*** MATERIAL PROVIDED Section Begins ***

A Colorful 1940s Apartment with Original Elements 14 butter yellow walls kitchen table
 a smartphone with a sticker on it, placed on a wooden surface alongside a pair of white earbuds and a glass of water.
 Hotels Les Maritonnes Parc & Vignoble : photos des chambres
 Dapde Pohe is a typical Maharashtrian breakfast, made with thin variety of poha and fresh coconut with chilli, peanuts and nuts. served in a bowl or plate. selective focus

*** MATERIAL PROVIDED Section Ends ***

**INSTRUCTIONS FOR THE TASK:** Which of the lines above include the string "with"? Pick them out and copy them.

**ANSWER:**
A Colorful 1940s Apartment with Original Elements 14 butter yellow walls kitchen table
 a smartphone with a sticker on it, placed on a wooden surface alongside a pair of white earbuds and a glass of water.
 Dapde Pohe is a typical Maharashtrian breakfast, made with thin variety of poha and fresh coconut with chilli, peanuts and nuts. served in a bowl or plate. selective focus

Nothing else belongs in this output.